▸ Task to complete: Starting with the first line of the data below, copy each line up to and including the one containing "Góc chụp khác". Pictures stay out.
......
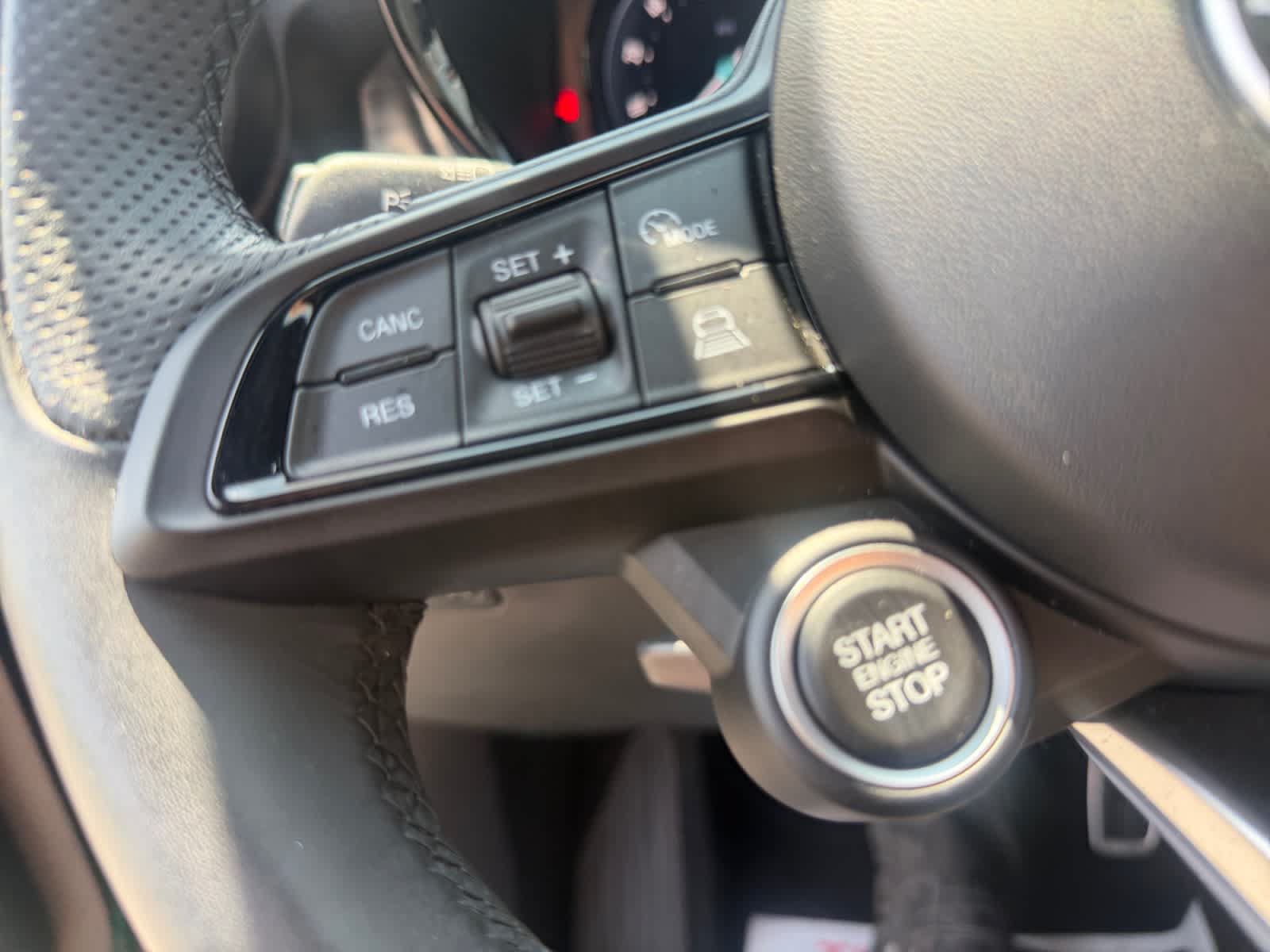 Used 2024 Alfa Romeo Tonale Speciale AWD/4WD image 28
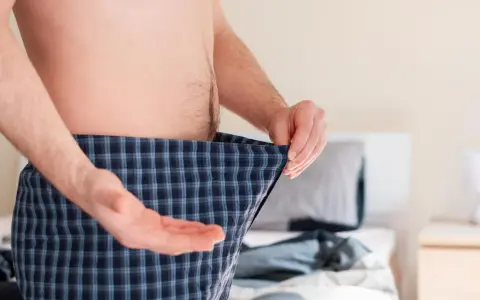 Mann mit Karo-Boxershorts, der sich fragt, ob Rauchstopp Potenz Erfahrungen positiv beeinflusst.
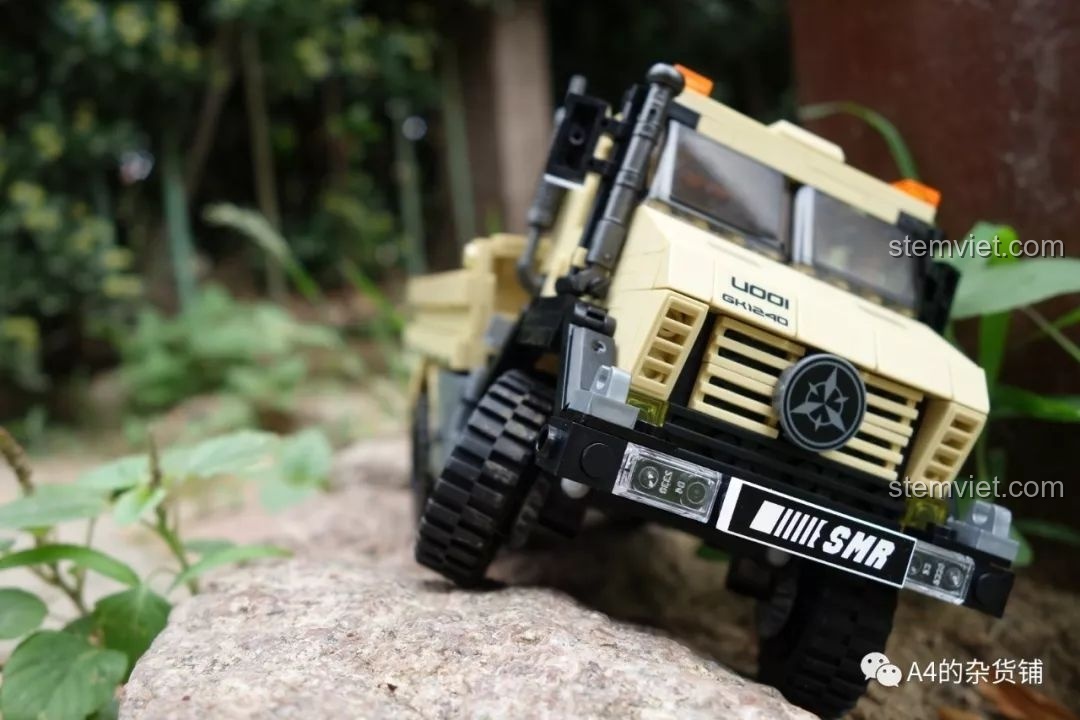 Góc chụp khác của xe tải Unimog Xingbao trên địa hình, cho thấy khả năng xoắn thân và hệ thống treo.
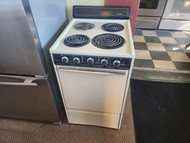KENMORE 21 INCH FREESTANDING ELECTRIC RANGE MANUAL CLEAN OVEN COIL BURNERS 3 SMALL 1 LARGE ALMOND LOCATED IN OUR PORTLAND OREGON APPLIANCE STORE SKU 19419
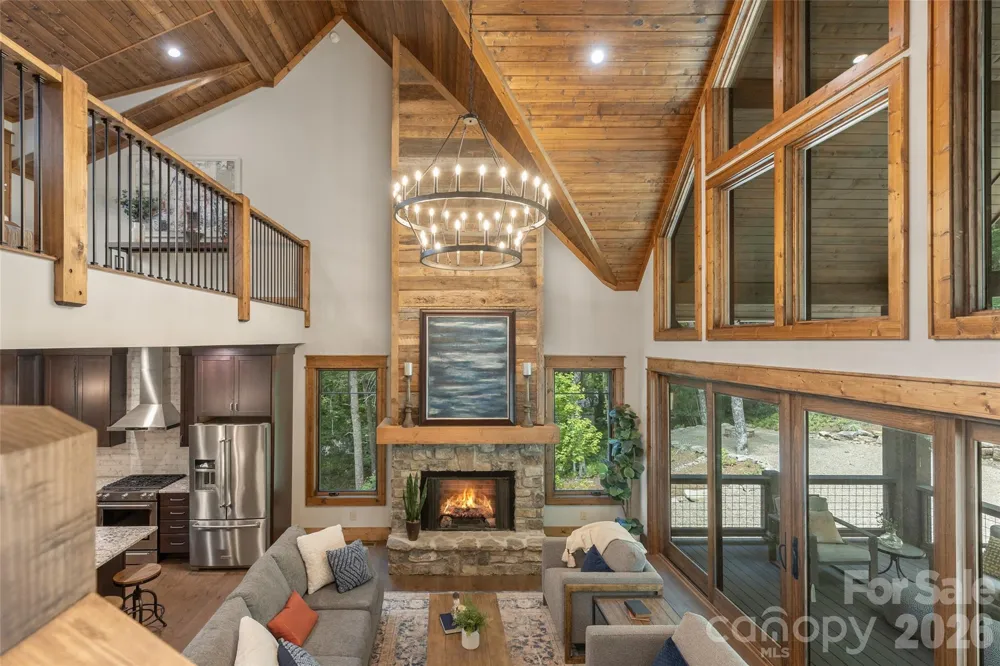 11 E Fish Camp Trail #W19 Glenville, NC 28736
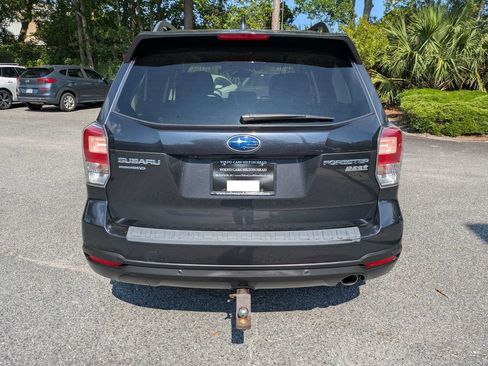 Used 2017 Subaru Forester 2.5i Touring AWD/4WD image 5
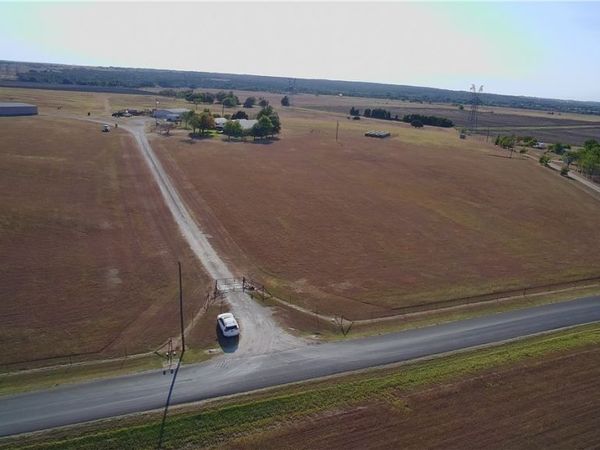 1351 County Road 320 , Granger, TX 76530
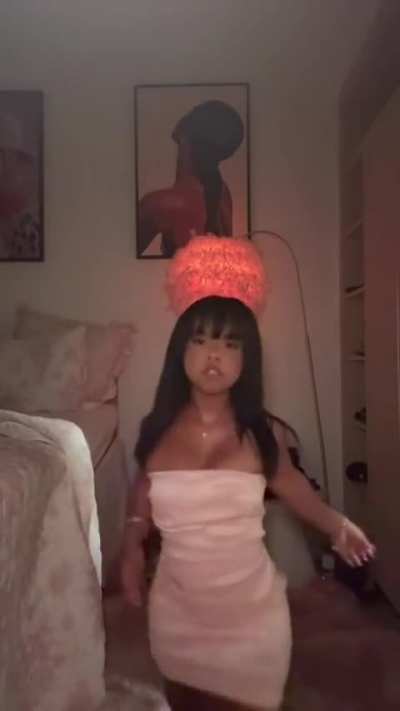 Ivy Angst | TikTok (11.6.25)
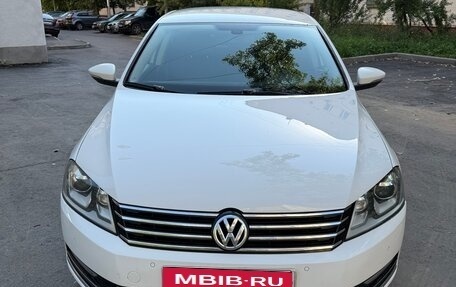 Volkswagen Passat B7, 2012 год, 1 300 000 рублей, 1 фотография
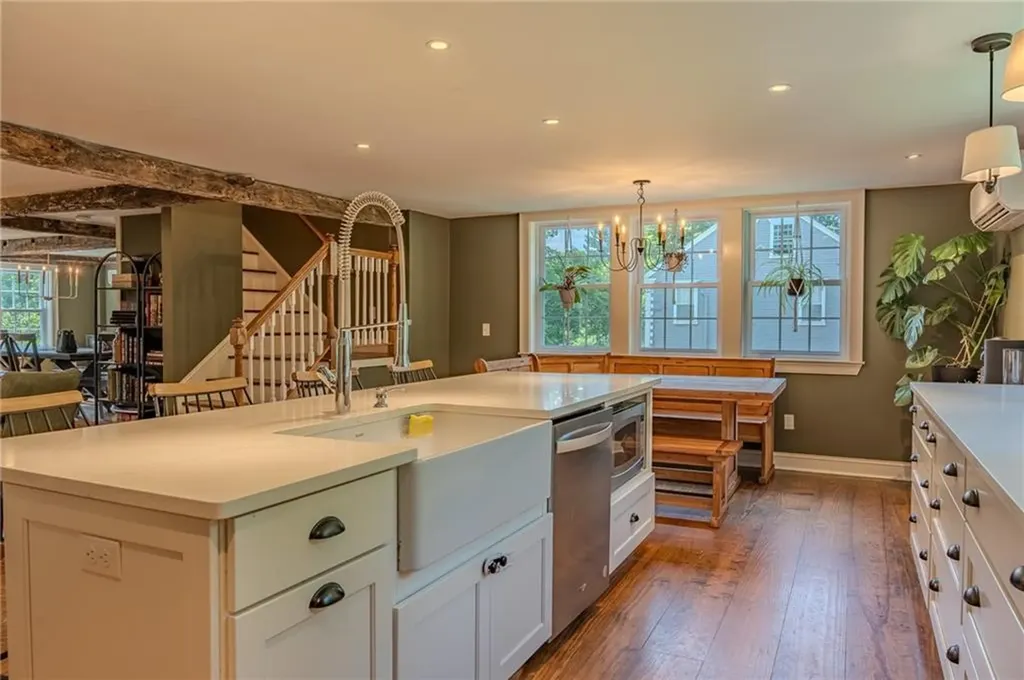 6 Limerock Road Smithfield RI 02917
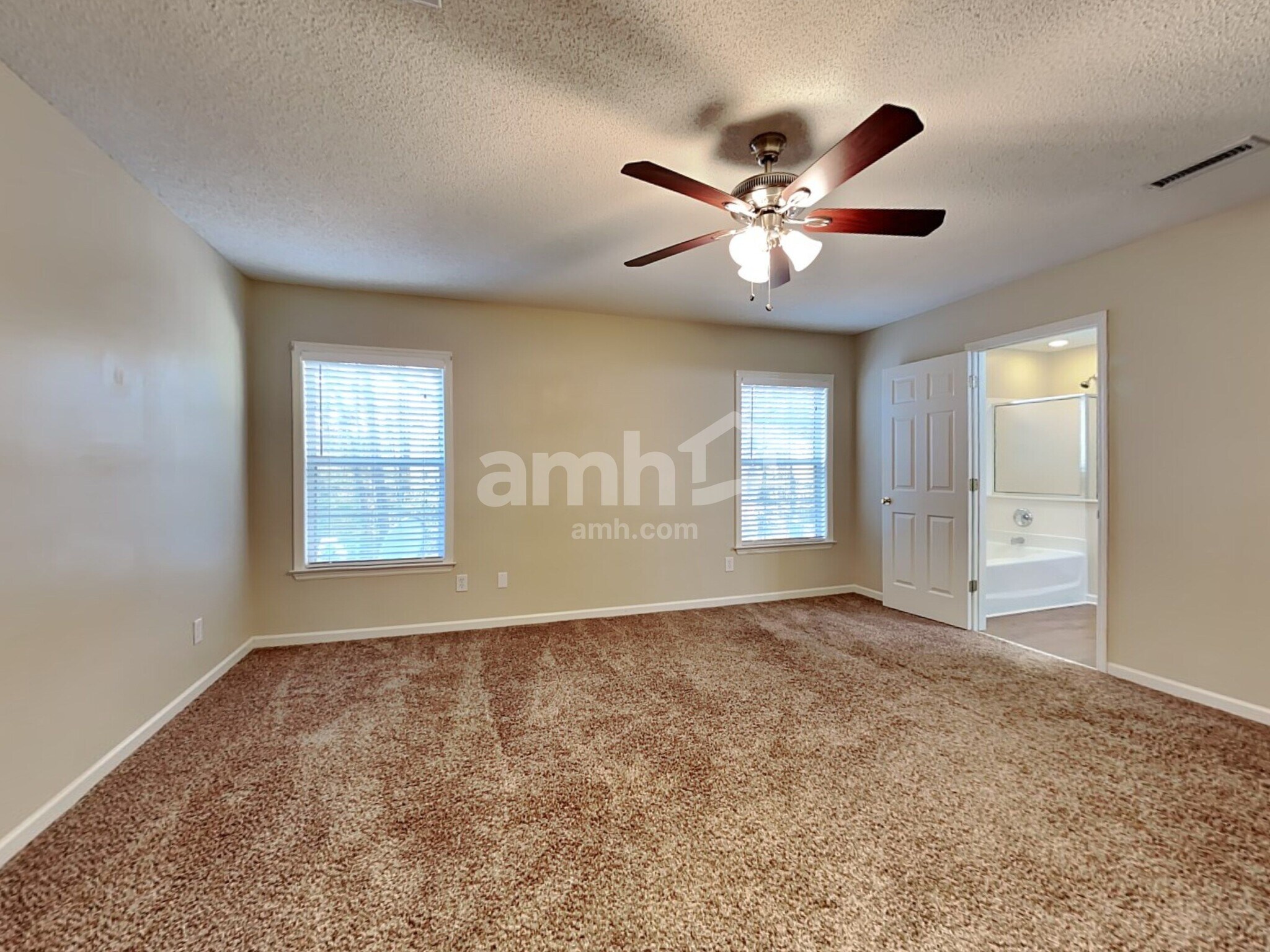 Building Photo - 106 Guildford Dr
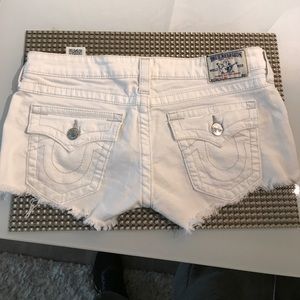 True religion Jean shorts size 28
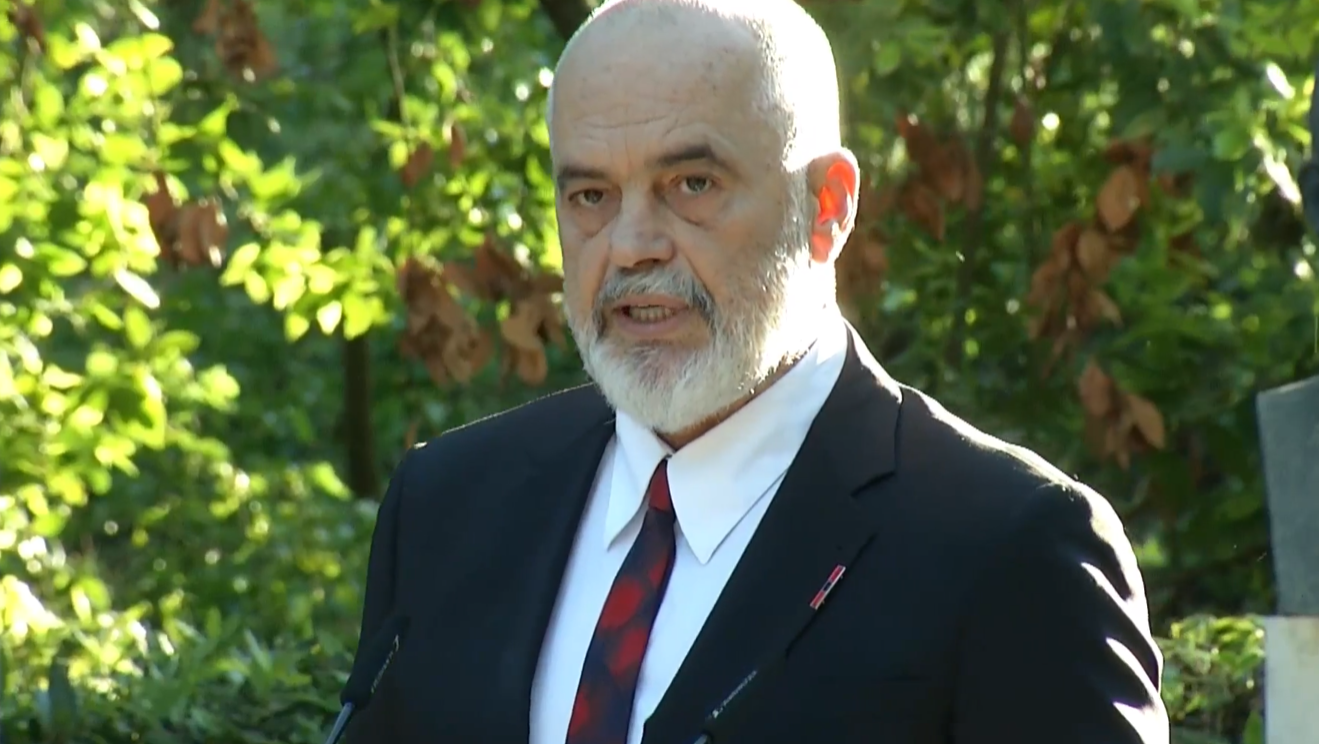 Rama për Berishën: Kufomë ambulante me kapelën e Trump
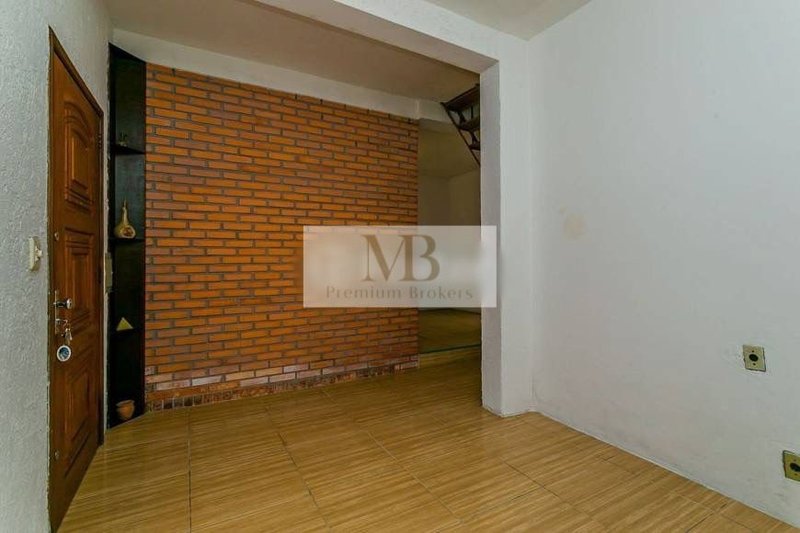 R$ 750.000 - EXCELENTE OPORTUNIDADE - CASA RESID OU COMERC - 210M2 - 4 DORM - 2 V - Porto Alegre - 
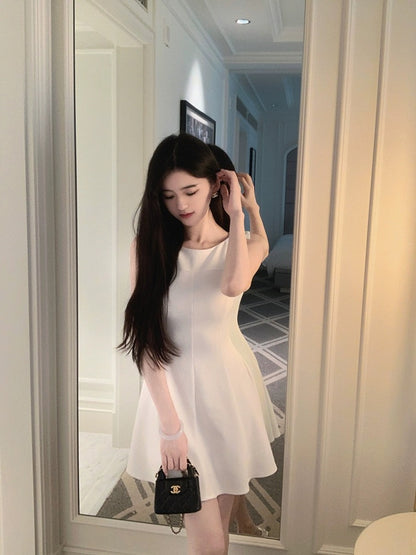 famouswang 2024 new summer style high-class elegant female main shoulder dress for small women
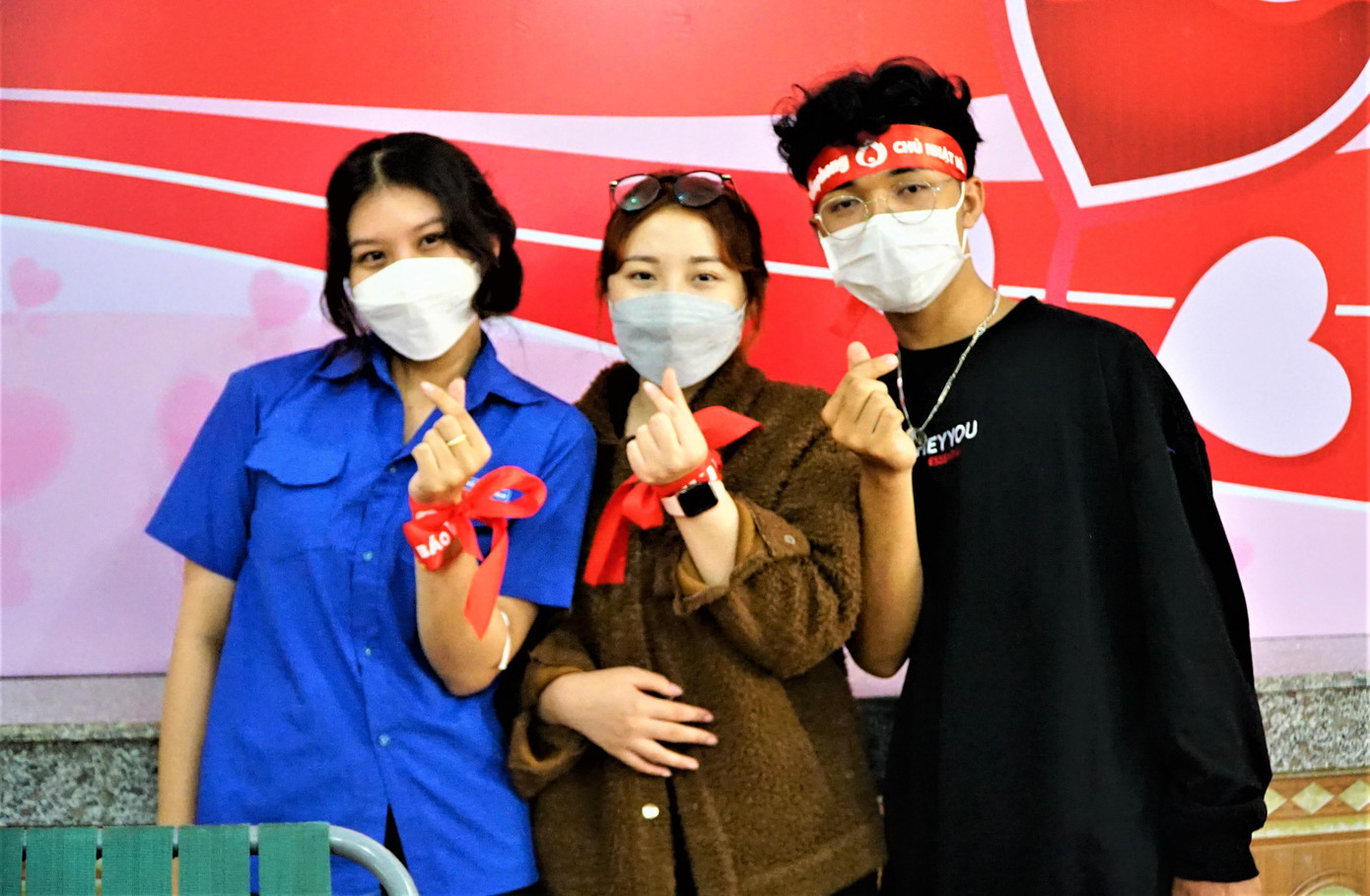 Nhóm bạn Ngọc Tiên, Thanh Trúc, Y Rô Man cùng đi hiến máu Nhóm bạn Ngọc Tiên, Thanh Trúc, Y Rô Man cùng đi hiến máu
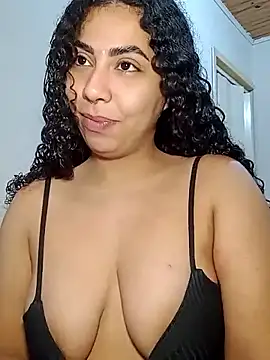 Snapshot of A_maddy chatting on November 23, 5:13 pm A maddy online show from November 23, 5:13 pm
......
▸ Answer to the exercise:
 Used 2024 Alfa Romeo Tonale Speciale AWD/4WD image 28
 Mann mit Karo-Boxershorts, der sich fragt, ob Rauchstopp Potenz Erfahrungen positiv beeinflusst.
 Góc chụp khác của xe tải Unimog Xingbao trên địa hình, cho thấy khả năng xoắn thân và hệ thống treo.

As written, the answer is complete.